U.N. treaty trumps parental rights

Could a 10-person panel of foreign nationals dictate, with the full weight of U.S. law, how we raise our children? This idea seems far-fetched, even ridiculous, but, unfortunately, it is possible.

The problem stems from the United Nations Convention on the Rights of the Child, which has been adopted by 192 nations. The treaty creates civil, economic, social and cultural rights for every child. The Clinton administration sought ratification, but the treaty was not approved by the U.S. Senate because of opposition from senators who were concerned it would undermine parental rights.

For example, the convention gives children autonomy regarding the school they attend, the friends they have and the activities they choose. If there is a disagreement, the parent’s decisions could be reviewed by a third party. Consequently, parents could be subject to “identification, reporting, referral, investigation, treatment and follow-up.”

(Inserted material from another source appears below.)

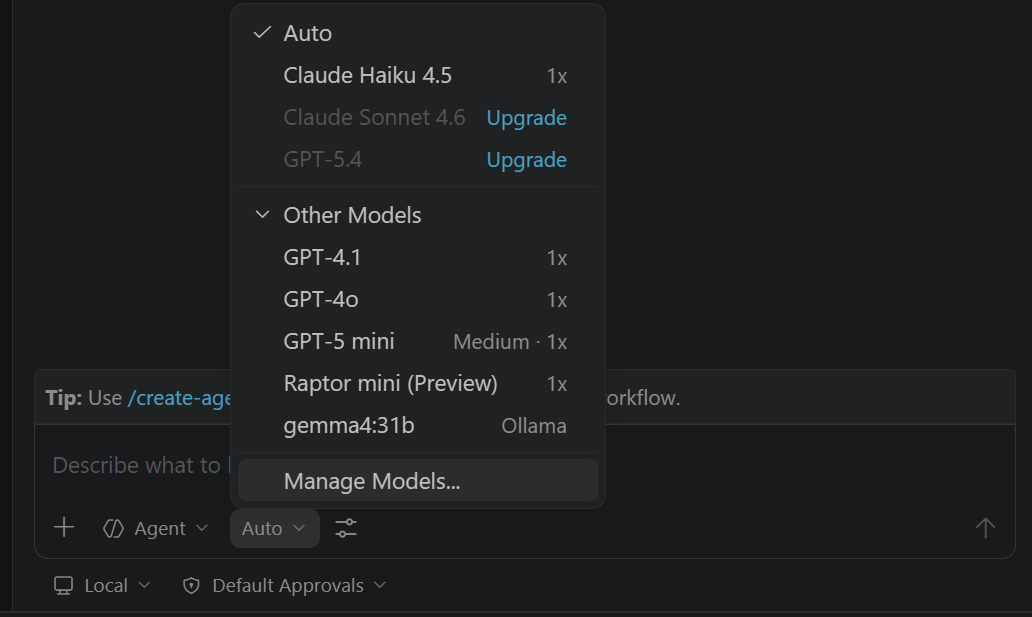VS Code GitHub Copilot Chat model picker dropdown showing gemma4:31b listed under Ollama alongside Claude Haiku 4.5, GPT-4.1, GPT-4o, GPT-5 mini, and Raptor mini, with a Manage Models button at the bottom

Many people are probably asking the question — if the Senate didn’t ratify it, why is the convention still a problem for the United States? Unfortunately, this is not the end of the story because the U.S. court system has been incorporating the treaty steadily through a doctrine called “customary international law.” This is where U.S. courts look to foreign courts and other international treaties to derive its interpretation of the U.S Constitution.

In the 2004 case Roper v. Simmons, a majority on the U.S. Supreme Court noted that the execution of juvenile offenders violated several international treaties, including the U.N. Convention on the Rights of the Child, and stated that the overwhelming weight of international opinion against the juvenile death penalty provides confirmation for the court’s own conclusion that the death penalty is disproportional punishment for offenders younger than 18.

Additionally, a change in the makeup of the Senate could result in the ratification of the treaty. The consequences of these actions could be devastating for the American family because it would mean that any state law relating to education, the family, adoption and dozens of other issues could be nullified by a judge.

Decisions interpreting the treaty in other nations could be relied on by our courts. An example of how this could unfold is occurring in Belgium today. A couple in Brussels is being threatened with criminal neglect for educating their children at home, and the Belgian authorities are using non-compliance with the convention as a legal argument to force the family to stop home-schooling. As reported by WorldNetDaily, the only response from the Belgian minister of education, Frank Vandenbroucke, came through a spokesman who said in a local newspaper that in Belgium home-schoolers must sign a document that requires them to follow the protocols of the U.N. convention.

“These parents have not done this. This is why the ministry has started an inquiry,” he said.

It remains to be seen whether the Belgian courts, and potentially the European courts, uphold the position of the Belgian government. A ruling against the home-schooling Belgium family could have negative ramifications in the United States.

If the treaty is ratified, because of the way the U.S. Constitution is written, the convention would become the supreme law of the land. The U.S. Constitution’s supremacy clause requires that “all treaties made, or which shall be made, under the authority of the United States, shall be the supreme law of the land.” The U.S. Congress and state legislatures could not override the provisions of the treaty.

This scenario should remind us that we need to remain vigilant in defense of our liberty. In the short-term, it means that the appointment of judges who will not look to foreign courts for guidance is one of the ways the scenario above can be avoided.